# Lubricating UPVC Door



## Drew (May 30, 2005)

Hi all, 

I have a UPVC outside door that was installed by a well known window/door company in Bridport, Dorset.

During the past few days it has developed an annoying squeal from the hinges, I would be grateful if someone could explain how I can lubricate these hinges. They are enclosed in a housing that is sealed, I can access the screws to adjust the door itself but cannot get to the spindle.

I have booked a service engineer but I am having to wait two weeks for him to call.


----------



## TeamRienza (Sep 21, 2010)

My uPVC front door simply lifts off the hinges like an old gate. I only found this out recently when moving house. Two doors (outer and inner) close together. I thought we might not get some furniture in.

The removal men simply lifted it off, and replaced it after finishing. Might be best done with some help. Silicon spray is the best lubricant.

Davy


----------



## BrianJP (Sep 17, 2010)

PTFE Spray lubricant will work better


----------



## Penquin (Oct 15, 2007)

or try a little Pledge spray - works wonders IMO.....

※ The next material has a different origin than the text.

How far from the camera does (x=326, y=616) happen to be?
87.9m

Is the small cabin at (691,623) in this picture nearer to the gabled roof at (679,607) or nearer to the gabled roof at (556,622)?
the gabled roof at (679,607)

(Other silicon furnish polishes are available....)

Dave


----------



## dovtrams (Aug 18, 2009)

TeamRienza said:


> I only found this out recently when moving house. Two doors (outer and inner) close together.
> 
> Davy


first glance, I thought you were taking the doors with you!

Dave


----------



## roxie (Dec 28, 2012)

cooking oil wors.


----------



## cabby (May 14, 2005)

Only if used by a virgin called Olive.

cabby


----------



## Pudsey_Bear (Sep 25, 2008)

Some sprays can damage the plastic, I'd wait for advice from the pros.


----------



## pippin (Nov 15, 2007)

I second the PTFE idea.


----------